Der Kongress „AI Soundscapes“ findet am 11. und 12. September 2026 an der Filmuniversität Babelsberg Konrad Wolf in Potsdam statt. Das Programm möchte bewusst über KI-generierte Songs hinausblicken und dabei Werkzeuge in den Fokus rücken, die bereits in der Musikproduktion und im Bereich Creative Media zum Einsatz kommen.
Künstlerischer Leiter ist Chandra Fleig, Musikproduzent und Dozent für digitale Musikproduktion an der Filmuniversität. Er hat an mehr als 200 TV- und Filmproduktionen mitgewirkt und verantwortet als Mitbegründer des Zentrums Pop Brandenburg die künstlerische Ausrichtung der Veranstaltung.

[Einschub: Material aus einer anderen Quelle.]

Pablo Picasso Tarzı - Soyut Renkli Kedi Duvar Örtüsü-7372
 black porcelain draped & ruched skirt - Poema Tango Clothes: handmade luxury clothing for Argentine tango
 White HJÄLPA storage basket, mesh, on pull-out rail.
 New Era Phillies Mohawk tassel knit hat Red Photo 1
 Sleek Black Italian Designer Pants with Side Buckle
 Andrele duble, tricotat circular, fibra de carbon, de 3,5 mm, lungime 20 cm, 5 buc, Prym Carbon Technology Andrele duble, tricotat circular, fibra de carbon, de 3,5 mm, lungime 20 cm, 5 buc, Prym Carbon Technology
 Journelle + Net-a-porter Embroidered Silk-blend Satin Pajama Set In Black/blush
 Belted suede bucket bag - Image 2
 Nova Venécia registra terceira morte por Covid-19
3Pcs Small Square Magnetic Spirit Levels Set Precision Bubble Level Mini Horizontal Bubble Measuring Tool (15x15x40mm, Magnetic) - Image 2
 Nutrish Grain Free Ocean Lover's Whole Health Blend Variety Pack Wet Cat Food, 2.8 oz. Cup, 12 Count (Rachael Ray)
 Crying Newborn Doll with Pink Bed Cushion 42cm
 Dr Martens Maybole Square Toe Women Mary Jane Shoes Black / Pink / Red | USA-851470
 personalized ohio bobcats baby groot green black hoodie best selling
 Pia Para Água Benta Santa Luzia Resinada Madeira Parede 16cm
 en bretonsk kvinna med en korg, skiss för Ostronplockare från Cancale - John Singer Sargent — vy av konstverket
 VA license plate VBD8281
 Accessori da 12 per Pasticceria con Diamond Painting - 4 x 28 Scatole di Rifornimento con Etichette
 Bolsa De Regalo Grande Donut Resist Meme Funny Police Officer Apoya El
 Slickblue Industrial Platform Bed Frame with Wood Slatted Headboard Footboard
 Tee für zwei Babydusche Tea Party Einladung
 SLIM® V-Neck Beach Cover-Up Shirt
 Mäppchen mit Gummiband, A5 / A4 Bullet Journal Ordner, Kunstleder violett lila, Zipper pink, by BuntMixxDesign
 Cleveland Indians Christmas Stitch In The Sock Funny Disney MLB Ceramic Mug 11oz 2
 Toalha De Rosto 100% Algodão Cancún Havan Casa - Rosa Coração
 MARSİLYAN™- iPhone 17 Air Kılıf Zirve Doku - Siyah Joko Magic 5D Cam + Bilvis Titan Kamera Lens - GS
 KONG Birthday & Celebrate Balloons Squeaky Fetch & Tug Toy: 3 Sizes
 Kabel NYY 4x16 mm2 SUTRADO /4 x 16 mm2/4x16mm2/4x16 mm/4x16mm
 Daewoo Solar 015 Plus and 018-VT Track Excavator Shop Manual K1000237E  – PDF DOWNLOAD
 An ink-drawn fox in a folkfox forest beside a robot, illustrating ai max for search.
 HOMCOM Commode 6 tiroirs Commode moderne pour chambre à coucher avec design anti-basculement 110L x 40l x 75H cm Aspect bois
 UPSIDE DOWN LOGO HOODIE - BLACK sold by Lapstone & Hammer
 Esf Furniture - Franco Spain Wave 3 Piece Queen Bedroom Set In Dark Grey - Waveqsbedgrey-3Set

Den Auftakt des Konferenzprogramms bildet eine Keynote von Dieter Gorny, dem Geschäftsführer der Akademie für Populäre Musik. Gorny geht der Frage nach, wo KI Kreativität und Authentizität gefährdet und wo sie neue Möglichkeiten eröffnet. In Workshops wird der praktische Einsatz von KI im Studioalltag gezeigt: Holger Steinbrink demonstriert KI-Funktionen in Cubase und SpectraLayers, Eva van Dijk gibt Einblicke in neue KI-Erweiterungen von Ableton Live und Philipp Scholz zeigt am Beispiel von Pro Tools die Grenzen von KI in der Synchronisation und Audio-Postproduktion.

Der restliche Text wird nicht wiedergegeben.